Gurpreet SINGH, a.k.a. Harneet Singh, Petitioner, v. Eric H. HOLDER Jr., Attorney General, Respondent.
    No. 07-72539.
    United States Court of Appeals, Ninth Circuit.
    Submitted April 5, 2010.
    
    Filed April 16, 2010.
    Tsz-Hai Huang, Esquire, Rai & Associates, PC, San Francisco, CA, for Petitioner.
    Oil, Brianne Whelan Cohen, Trial, DOJ-U.S. Department of Justice, Washington, DC, Ronald E. Lefevre, Office of the District Counsel, Department of Homeland Security, San Francisco, CA, for Respondent.
    
      Before: RYMER, McKEOWN, and PAEZ, Circuit Judges.
    
      
       The panel unanimously concludes this case is suitable for decision without oral argument. See Fed. R.App. P. 34(a)(2).
    
   MEMORANDUM

Gurpreet Singh, a native and citizen of India, petitions for review of the Board of Immigration Appeals’ (“BIA”) order dismissing his appeal from an immigration judge’s decision denying his application for asylum, withholding of removal, and protection under the Convention Against Torture (“CAT”). We have jurisdiction under 8 U.S.C. § 1252. We review for substantial evidence, Zehatye v. Gonzales, 453 F.3d 1182, 1184-85 (9th Cir.2006), and we deny the petition for review.

Substantial evidence supports the BIA’s determination that Singh did not establish past persecution because he was not arrested, detained, or mistreated in India. See Hoxha v. Ashcroft, 319 F.3d 1179, 1182 (9th Cir.2003). Substantial evidence also supports the BIA’s conclusion that Singh failed to establish a well-founded fear of persecution because his fear of being targeted was speculative, see Nagoulko v. INS, 333 F.3d 1012, 1016-17 (9th Cir.2003), and Singh failed to show that his father’s negative experience was part of a pattern of persecution closely tied to him, see Arriaga-Barrientos v. INS, 937 F.2d 411, 414 (9th Cir.1991). Accordingly Singh’s asylum claim fails.

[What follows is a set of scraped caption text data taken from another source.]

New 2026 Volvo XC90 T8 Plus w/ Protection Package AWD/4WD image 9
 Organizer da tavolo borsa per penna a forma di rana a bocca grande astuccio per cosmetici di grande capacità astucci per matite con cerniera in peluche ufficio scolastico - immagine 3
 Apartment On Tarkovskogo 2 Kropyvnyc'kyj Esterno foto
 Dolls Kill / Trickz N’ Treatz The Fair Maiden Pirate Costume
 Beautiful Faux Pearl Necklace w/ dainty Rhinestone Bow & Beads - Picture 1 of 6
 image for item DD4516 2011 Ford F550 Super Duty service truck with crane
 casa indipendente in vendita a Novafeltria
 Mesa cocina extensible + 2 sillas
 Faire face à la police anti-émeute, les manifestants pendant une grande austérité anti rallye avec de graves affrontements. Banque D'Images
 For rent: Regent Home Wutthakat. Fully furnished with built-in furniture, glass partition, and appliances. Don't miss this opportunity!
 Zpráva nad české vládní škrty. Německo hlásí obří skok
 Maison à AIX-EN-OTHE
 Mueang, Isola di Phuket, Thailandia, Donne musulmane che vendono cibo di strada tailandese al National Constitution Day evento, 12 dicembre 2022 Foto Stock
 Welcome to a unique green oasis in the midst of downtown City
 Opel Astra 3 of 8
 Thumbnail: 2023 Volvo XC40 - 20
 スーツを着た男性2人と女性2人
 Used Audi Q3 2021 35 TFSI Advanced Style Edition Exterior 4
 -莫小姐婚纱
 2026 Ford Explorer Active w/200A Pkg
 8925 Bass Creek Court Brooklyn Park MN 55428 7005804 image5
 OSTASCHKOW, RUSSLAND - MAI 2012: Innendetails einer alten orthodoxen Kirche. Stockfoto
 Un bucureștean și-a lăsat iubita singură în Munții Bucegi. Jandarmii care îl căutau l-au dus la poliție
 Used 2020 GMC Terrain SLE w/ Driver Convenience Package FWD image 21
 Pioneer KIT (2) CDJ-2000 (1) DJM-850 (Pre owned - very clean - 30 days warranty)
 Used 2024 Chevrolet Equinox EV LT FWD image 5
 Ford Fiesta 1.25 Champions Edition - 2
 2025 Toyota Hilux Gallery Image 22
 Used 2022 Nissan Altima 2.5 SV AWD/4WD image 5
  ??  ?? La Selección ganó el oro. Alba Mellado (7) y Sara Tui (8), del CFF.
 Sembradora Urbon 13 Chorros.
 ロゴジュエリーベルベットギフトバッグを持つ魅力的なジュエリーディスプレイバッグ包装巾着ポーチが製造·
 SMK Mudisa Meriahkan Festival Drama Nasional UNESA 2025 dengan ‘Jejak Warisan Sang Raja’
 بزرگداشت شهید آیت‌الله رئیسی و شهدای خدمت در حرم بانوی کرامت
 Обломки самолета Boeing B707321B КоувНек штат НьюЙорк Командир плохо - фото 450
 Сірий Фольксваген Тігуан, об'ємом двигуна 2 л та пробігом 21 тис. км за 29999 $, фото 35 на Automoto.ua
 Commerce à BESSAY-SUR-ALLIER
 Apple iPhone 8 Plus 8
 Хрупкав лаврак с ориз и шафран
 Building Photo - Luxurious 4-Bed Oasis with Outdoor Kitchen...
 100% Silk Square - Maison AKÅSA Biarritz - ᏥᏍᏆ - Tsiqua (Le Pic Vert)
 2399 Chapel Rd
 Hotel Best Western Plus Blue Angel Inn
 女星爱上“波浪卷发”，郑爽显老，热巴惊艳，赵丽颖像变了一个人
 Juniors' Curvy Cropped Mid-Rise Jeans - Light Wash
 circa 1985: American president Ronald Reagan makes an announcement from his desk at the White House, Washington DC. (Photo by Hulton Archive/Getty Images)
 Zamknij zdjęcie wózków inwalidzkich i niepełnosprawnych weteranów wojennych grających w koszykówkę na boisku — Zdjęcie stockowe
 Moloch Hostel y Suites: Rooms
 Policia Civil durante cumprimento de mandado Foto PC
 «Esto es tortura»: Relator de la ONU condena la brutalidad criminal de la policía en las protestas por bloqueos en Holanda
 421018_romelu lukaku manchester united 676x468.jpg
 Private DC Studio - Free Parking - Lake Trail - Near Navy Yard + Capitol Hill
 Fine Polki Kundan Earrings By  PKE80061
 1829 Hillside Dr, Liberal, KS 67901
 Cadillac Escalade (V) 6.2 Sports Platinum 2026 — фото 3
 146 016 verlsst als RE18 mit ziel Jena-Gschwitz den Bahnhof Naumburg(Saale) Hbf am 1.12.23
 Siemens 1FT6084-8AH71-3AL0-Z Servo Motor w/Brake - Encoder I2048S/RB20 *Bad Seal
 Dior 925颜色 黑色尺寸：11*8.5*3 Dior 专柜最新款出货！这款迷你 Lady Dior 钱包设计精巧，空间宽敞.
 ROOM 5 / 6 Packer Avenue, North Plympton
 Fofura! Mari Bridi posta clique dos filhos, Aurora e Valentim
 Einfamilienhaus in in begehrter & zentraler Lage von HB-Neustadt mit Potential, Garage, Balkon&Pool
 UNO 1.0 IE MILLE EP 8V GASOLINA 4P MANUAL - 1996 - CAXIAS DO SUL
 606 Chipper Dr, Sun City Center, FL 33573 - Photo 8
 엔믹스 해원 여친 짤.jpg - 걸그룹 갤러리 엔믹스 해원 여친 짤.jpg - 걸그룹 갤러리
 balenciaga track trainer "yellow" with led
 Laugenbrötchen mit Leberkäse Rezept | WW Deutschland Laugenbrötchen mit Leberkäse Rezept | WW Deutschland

Because Singh failed to demonstrate eligibility for asylum, it follows that he did not satisfy the more stringent standard for withholding of removal. See Dinu v. Ashcroft, 372 F.3d 1041, 1045 (9th Cir.2004).

Substantial evidence also supports the BIA’s denial of Singh’s CAT claim because Singh failed to establish it was more likely than not he would be tortured if returned to India. See El Himri v. Ashcroft, 378 F.3d 932, 938 (9th Cir.2004).

PETITION FOR REVIEW DENIED. 
      
       This disposition is not appropriate for publication and is not precedent except as provided by 9th Cir. R. 36-3.